Паренек пожал плечами и, открыв дверь предбанника, почти втолкнул меня во влажный, пахнущий еловой хвоей и горьковатым дымком пар.
– Лекцию потом читать будешь, сперва в себя приди. Вещи для твоего должника я принесу и в предбаннике оставлю, заодно и тебе подыщу чего. Вроде бы я видел в сундуке с одеждой такой замечательный червленый сарафан с вышивкой…
– Не посме-е-е-ешь! – протянула я, готовясь отвесить Ветру подзатыльник.
Тот только улыбнулся и плотно прикрыл за мной дверь.
И вот так всегда.
– Было бы забавно посмотреть на тебя в девичьем сарафанчике, вышитой сорочке и красных сапожках, – раздался из угла предбанника голос Ладислава, который как раз успел стащить с себя куртку и широкий пояс и сейчас, кряхтя, стягивал добротные сапоги. – Еще бы ленту в косу да кокошник жемчуговый на голову, но вот беда, – он поднял на меня усталый взгляд, – косу ты отрезала, да и кокошника наверняка в твоем сундуке с приданым днем с огнем не отыщешь.
– Мож, еще корону в том сундуке поискать, а? – вздохнула я, снимая через голову теплую шерстяную рубашку и принимаясь разуваться. Благо сделать мне это оказалось гораздо проще, чем Ладиславу – на ногах были не промокшие сапоги, а малость потертые, залатанные на голенищах валенки. В сочетании с мужскими стегаными штанами и мужской же рубашкой получалось зрелище на редкость неприглядное, но до красоты ли сейчас?
– Корону тоже можно. – Ладислав с трудом поднялся со скамейки, стягивая нижнюю рубашку через голову. – Она бы отменно подошла к твоему костюму. И чем дороже – тем лучше, при взгляде на такое любой скоморох от зависти взвоет.
Я не то засмеялась, не то закашлялась, представив себя с венцом из «черного серебра» и разодетой в подобные крестьянские вещи. Снежный дворец за полчаса вымер бы не то от ужаса, не от смеха, если бы королева вздумала прогуляться в таком виде. Кстати, не такая уж плохая мысль – надо будет по возвращении купить на торговой площади валенки.

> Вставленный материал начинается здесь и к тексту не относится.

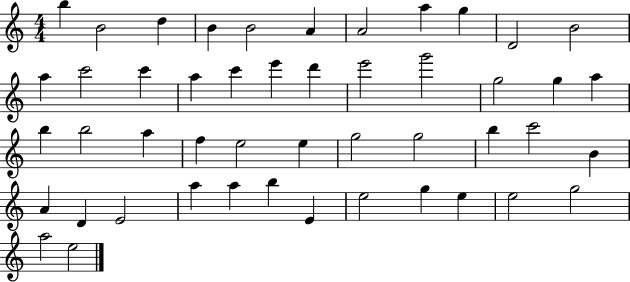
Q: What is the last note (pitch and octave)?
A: E5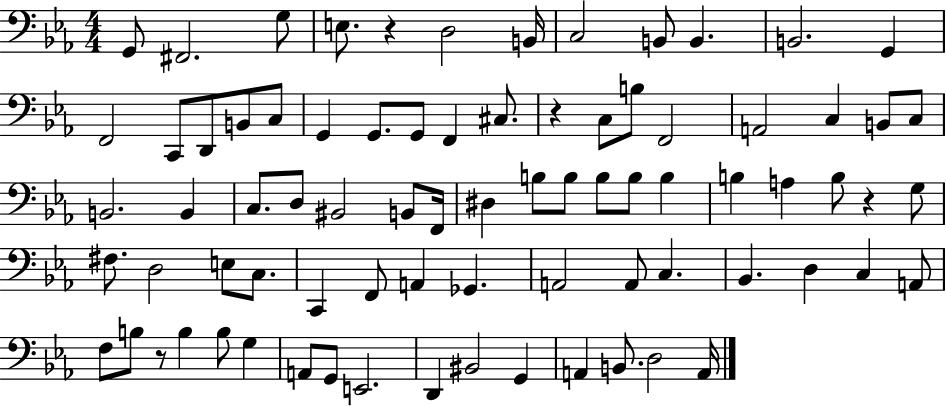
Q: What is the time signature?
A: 4/4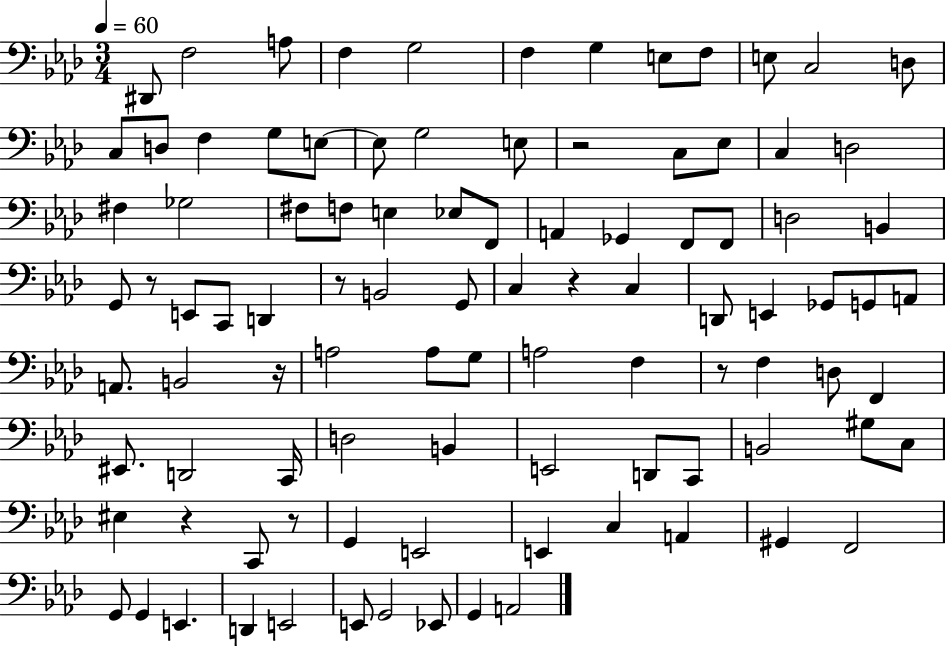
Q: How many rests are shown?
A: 8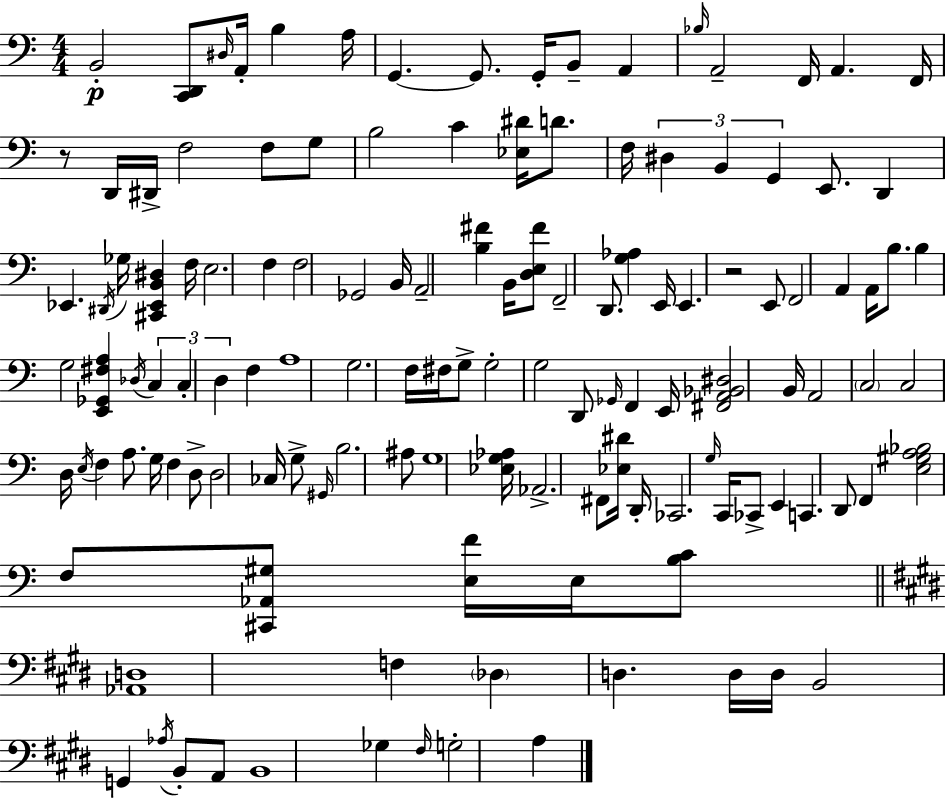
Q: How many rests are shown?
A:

Мужской рабочий костюм я, так и быть, где-нибудь отыщу. Да хоть у одного из слуг выпрошу…
– Может, и правда стоит иногда скоморохом подрабатывать, особенно когда вместо денег в кармане дырка от бублика, а колдовать по ряду причин не удается? – задумчиво протянула я, отводя взгляд от Ладислава и стягивая с себя штаны. Нижнюю сорочку сниму в бане – все равно ее стирать, а там на полках помимо веничков и шаек должны и полотенца льняные быть.
– Ну скоморохом тебя не факт, что пропустят – там у них конкуренция бешеная, если мне память не изменяет. И нищим на паперти тоже… Так что можешь это увлечением сделать. Для свободного времени и полного безденежья. Авось и сработает… – протянул некромант, продолжая неторопливо раздеваться.

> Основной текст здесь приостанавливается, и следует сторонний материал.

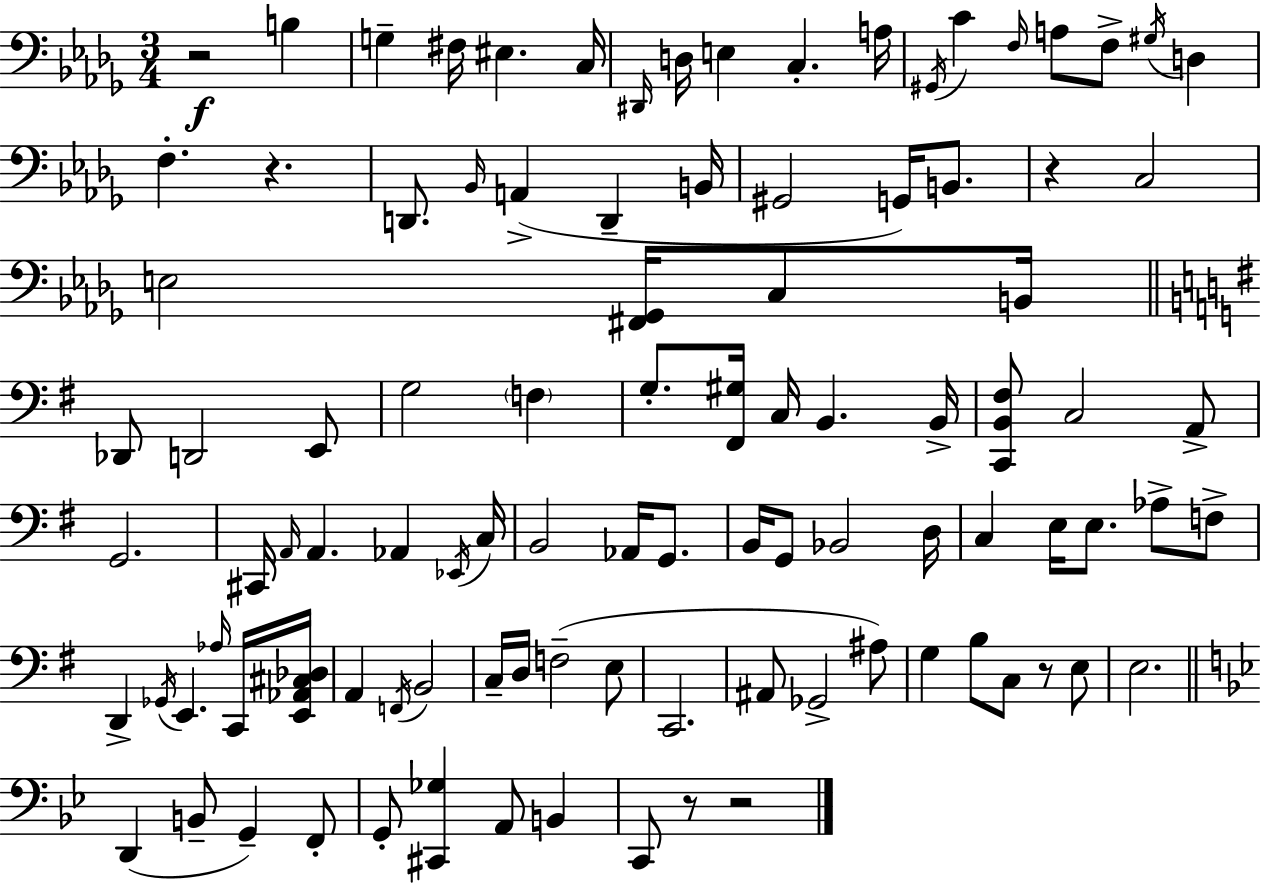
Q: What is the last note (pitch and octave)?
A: C2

Досматривать, что последует за ненавязчивой демонстрацией нижнего белья, я не стала, подхватив одно из чистых полотенец, лежащих на скамеечке, и скрываясь в заполненной влажным, душистым паром баньке.
Похоже, Ветерок не пожалел найденного в подполе избушки хлебного кваса – рядом с печью стоял на треть пустой распечатанный кувшинчик. Не дожидаясь, пока хлопнет входная дверь, закрываясь за Ладиславом, я набрала воды в шайку, плеснула в нее ковш крутого кипятку из чугунного котла и, взяв под мышку березовый веничек и небольшую мочалку, удалилась к одному из полков. Сквозь густой пар и видно-то толком ничего не было, а о том, что некромант все же приступил к помывочным процедурам, я поняла благодаря негромкому стуку и еле слышному матерку – похоже, Ладиславу пришлось похуже, чем мне. Я хотя бы наполненную водой шайку из рук не выронила.

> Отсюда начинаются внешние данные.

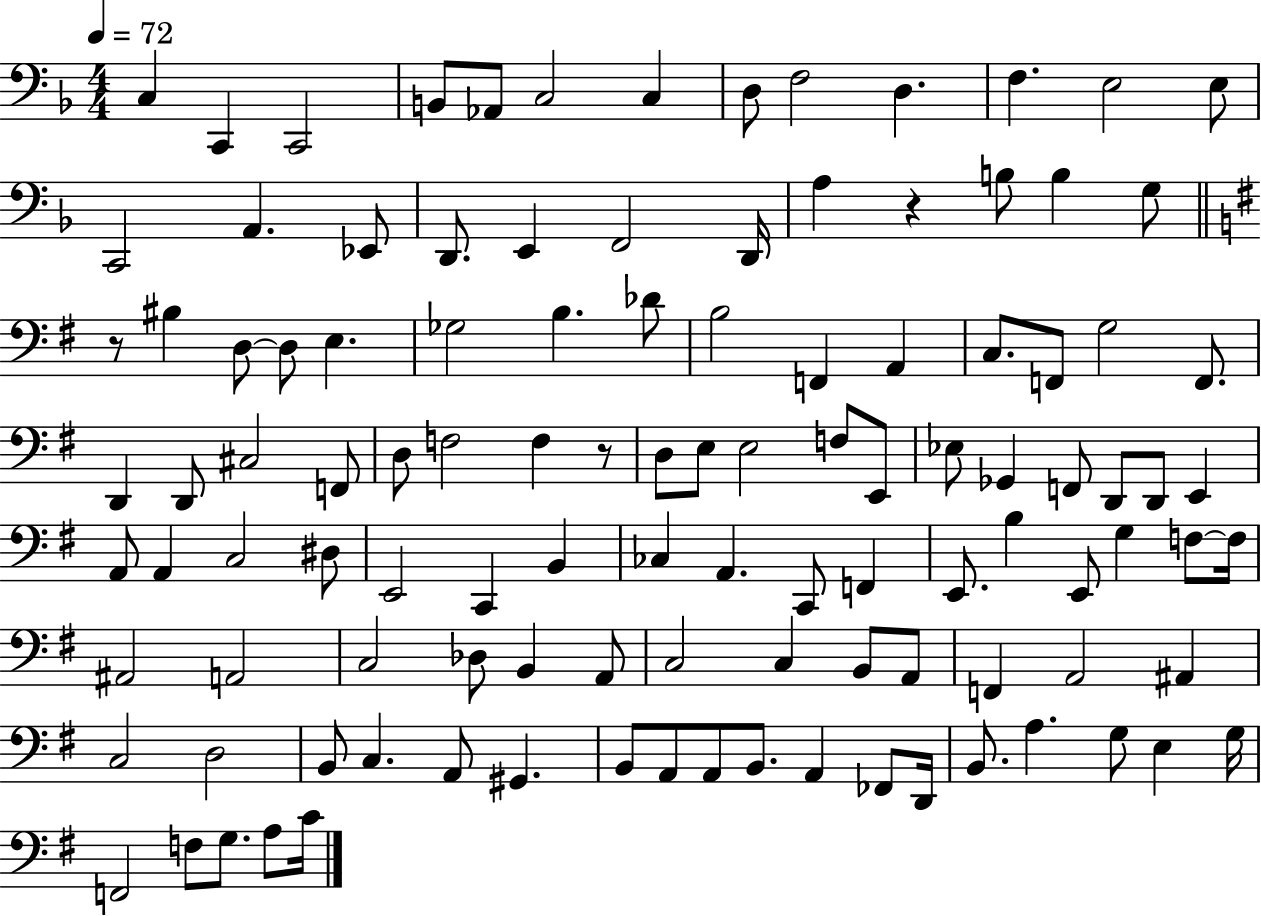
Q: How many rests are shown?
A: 3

– Эй, там, у печи, помощь требуется? – поинтересовалась я, понемногу расслабляясь на выскобленном добела полке.
– Пока нет… Просто не представлял, до какой степени я замерз и изгваздался, – раздался сиплый голос некроманта, – и еще отвык от хорошей парной бани. Нет, я надеюсь, что помощь мне понадобится лишь после того счастливого момента, как я прогреюсь.
– Да-а-а-а, а я вот сейчас сижу и чувствую нехорошую такую зависть к виновнику того торжества, что у нас вчера случилось. Потому что он-то как раз в отличие от нас с тобой не отмораживал себе ничего важного и ценного под открытом небом, а сидел в тепле и уюте, – почти весело откликнулась я, чувствуя, как усталость, накопившаяся в теле, незаметно уходит. Все же баня – великое изобретение человечества, после нее ощущаешь себя заново родившейся. – Правда, не сказала б, что ей это сильно помогло…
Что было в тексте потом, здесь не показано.